Professeur Allan Herbison, qui a dirigé l'étude, affirme que les impulsions hormone épisodique gonadolibérine hypophyse ont longtemps été connu pour être essentiel pour maintenir la fertilité:



"Ces impulsions se produisant épisodique toutes les heures-induire la glande pituitaire pour libérer deux hormones clés dans le sang de façon pulsatile.

De nombreux types d'infertilité résultent de troubles de libération de l'hormone pulsatile, allant de problèmes au cours de la puberté jusqu'à l'incapacité de concevoir. Par exemple, une cause très fréquente de l'infertilité chez les femmes, le syndrome des ovaires polykystiques, est causée lorsque les impulsions se produisent trop rapidement. "

Gonadolibérine Pulse

Il dit que une question sans réponse clé est ce que le mécanisme sous-jacent est que les impulsions de la GnRH.

«Il est seulement les neurones à GnRH génèrent le poignet, ou d'autres activités dans le plus vaste réseau de neurones qui régulent la fertilité?"

En étudiant les souris, l'équipe de recherche a cherché à répondre à cette question en utilisant optogenetic technique state-of-the-art pour activer sélectivement les neurones kisspeptin dans une partie de l'hypothalamus du cerveau.

Après avoir mesuré les échantillons de sang ont trouvé que l'activation de cette petite population de neurones était remarquablement puissant kisspeptin pour générer des impulsions de la sécrétion de LH.

Lorsque les chercheurs ont activé les neurones kisspeptin chez les souris dépourvues du récepteur kisspeptin sur leurs neurones à GnRH ils ont été générés sans impulsions de LH.

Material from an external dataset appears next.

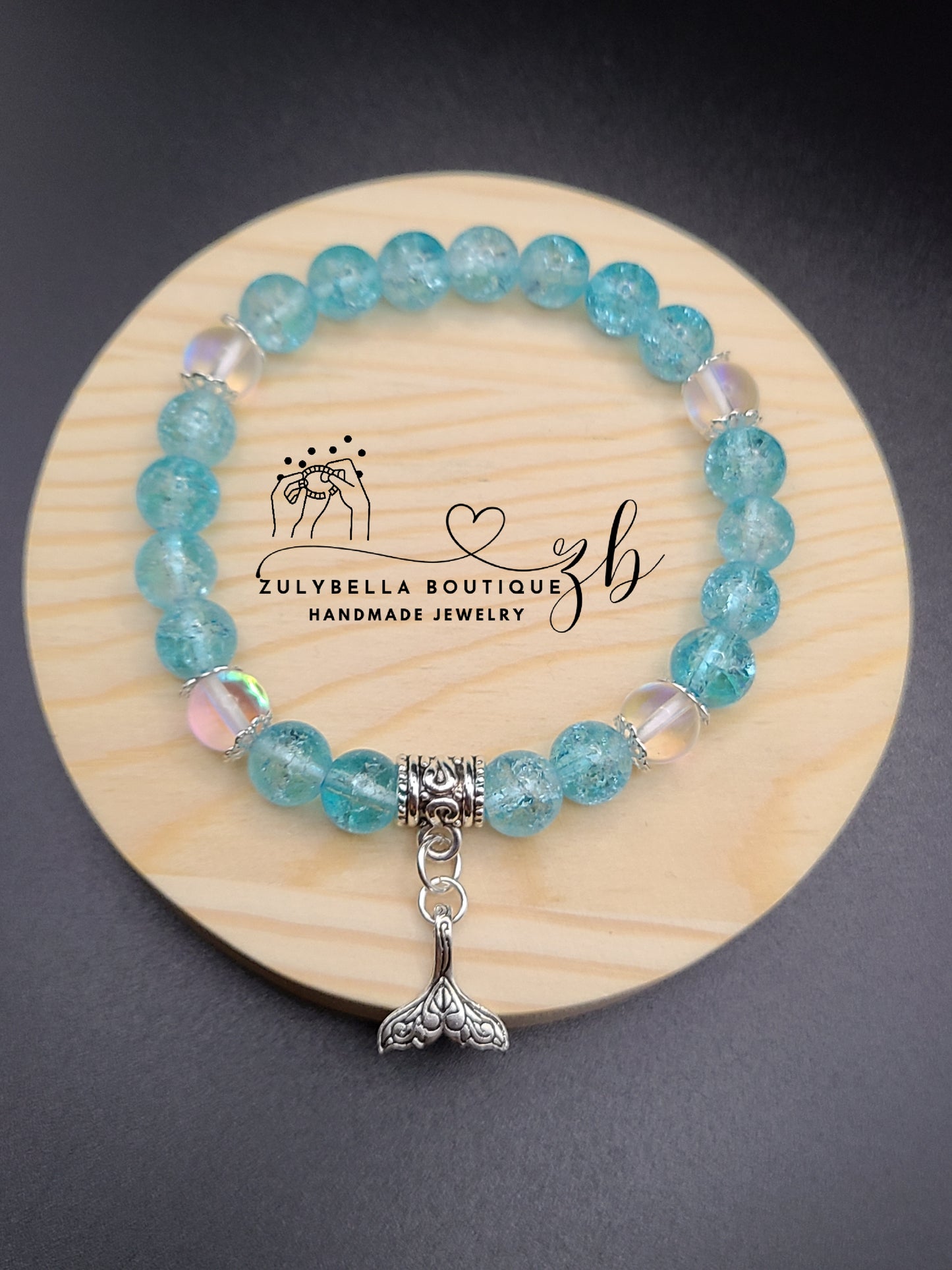 Aqua Crackle, Aura White Frosted- Glass Beaded Bracelet with Key Charm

"Ces résultats représentent un aperçu important qui va informer les futurs efforts pour développer de nouveaux traitements de fertilité visant à produire plus ou moins impulsions de la GnRH, selon le problème," dit-il.

On pense que jusqu'à un tiers de tous les cas d'infertilité chez les femmes conduit à des perturbations dans le domaine des circuits du cerveau que le professeur Herbison et son équipe étudient.